[Extracted records]
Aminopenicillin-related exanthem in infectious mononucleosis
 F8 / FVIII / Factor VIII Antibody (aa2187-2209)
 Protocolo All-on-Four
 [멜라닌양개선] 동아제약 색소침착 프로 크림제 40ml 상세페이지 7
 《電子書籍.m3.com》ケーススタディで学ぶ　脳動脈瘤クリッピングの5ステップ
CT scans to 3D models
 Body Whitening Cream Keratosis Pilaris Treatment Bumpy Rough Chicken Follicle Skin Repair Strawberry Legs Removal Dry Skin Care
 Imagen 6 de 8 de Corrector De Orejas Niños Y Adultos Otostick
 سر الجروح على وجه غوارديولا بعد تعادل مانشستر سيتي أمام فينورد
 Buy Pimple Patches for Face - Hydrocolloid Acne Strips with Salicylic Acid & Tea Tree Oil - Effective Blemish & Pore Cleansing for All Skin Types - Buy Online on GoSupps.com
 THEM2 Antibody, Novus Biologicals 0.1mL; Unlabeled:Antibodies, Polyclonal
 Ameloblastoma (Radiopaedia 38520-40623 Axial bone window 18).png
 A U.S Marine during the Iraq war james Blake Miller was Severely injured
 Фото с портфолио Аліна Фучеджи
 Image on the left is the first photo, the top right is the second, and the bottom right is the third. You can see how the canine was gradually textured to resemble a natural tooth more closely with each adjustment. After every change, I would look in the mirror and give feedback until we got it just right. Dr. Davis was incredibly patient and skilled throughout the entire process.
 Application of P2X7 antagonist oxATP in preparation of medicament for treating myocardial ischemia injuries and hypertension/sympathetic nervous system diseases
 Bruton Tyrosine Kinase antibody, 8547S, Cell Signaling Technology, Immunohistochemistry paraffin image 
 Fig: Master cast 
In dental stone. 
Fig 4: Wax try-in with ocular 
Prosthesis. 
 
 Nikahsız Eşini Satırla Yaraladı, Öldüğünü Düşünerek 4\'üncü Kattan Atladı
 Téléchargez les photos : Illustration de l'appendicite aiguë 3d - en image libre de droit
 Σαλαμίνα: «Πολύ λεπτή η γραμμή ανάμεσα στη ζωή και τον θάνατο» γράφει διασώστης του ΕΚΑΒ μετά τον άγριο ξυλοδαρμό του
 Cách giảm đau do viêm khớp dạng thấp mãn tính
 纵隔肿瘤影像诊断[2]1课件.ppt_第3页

▶ HOW TO COMPLETE THIS TASK
Go line by line through the data and copy any that contain "with".

▶ PROBLEM SOLUTION
 Buy Pimple Patches for Face - Hydrocolloid Acne Strips with Salicylic Acid & Tea Tree Oil - Effective Blemish & Pore Cleansing for All Skin Types - Buy Online on GoSupps.com
 Image on the left is the first photo, the top right is the second, and the bottom right is the third. You can see how the canine was gradually textured to resemble a natural tooth more closely with each adjustment. After every change, I would look in the mirror and give feedback until we got it just right. Dr. Davis was incredibly patient and skilled throughout the entire process.
Fig 4: Wax try-in with ocular 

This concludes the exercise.